# Working from Home, tax and Multinationals



## Purple (14 Oct 2020)

Now that so many (all?) of the companies in the Silicone Docks, IFSC and similar around the country is working from home why can't home be India or China or Poland or wherever? With average incomes in the €80k to €100k bracket these jobs provide a very large wedge of our tax revenues. Given that "home" can be anywhere will working from home necessitate a rebalancing of our taxation system?


----------



## Leo (14 Oct 2020)

There are tax implications for companies with staff living outside the state. The multinational I work for have made it clear remote working is here to stay long term, with a planned reduction in building capacity while taking on more staff, but they are very clear working from abroad is not an option.


----------



## ArthurMcB (14 Oct 2020)

Same with my multi national. I think there a few tax amd legal implications for firms and employees if working outside the country where their employer is.


----------



## DublinHead54 (14 Oct 2020)

There potentially will be an impact on the tax receipts, as multinationals offer salary reduction deals for full-time remote work for existing staff, and hiring strategies change. 

Barbados have been quite clever, buy a visa and work from Barbados with no local tax implications to the Barbados revenue. A Clever idea as they just want the additional income people will spend to help replace the lost income from tourism.

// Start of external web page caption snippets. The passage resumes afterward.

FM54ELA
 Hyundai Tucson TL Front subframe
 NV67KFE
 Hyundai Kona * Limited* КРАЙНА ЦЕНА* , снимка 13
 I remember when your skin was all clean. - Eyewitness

						Explore 12 Month Barbados Welcome Stamp  - Visit Barbados
					





					barbadoswelcomestamp.bb


----------



## Peanuts20 (14 Oct 2020)

Tax and legal is part of it. Hours of works, especially where the multi-national is supporting European clients is a 2nd one. If you're supporting European office hours from India for example, it's an evening shift which is more difficult to resource. Also turnover in the offshore countries is usualy way higher then domestic staff, hence consistency of delivery becomes an issue.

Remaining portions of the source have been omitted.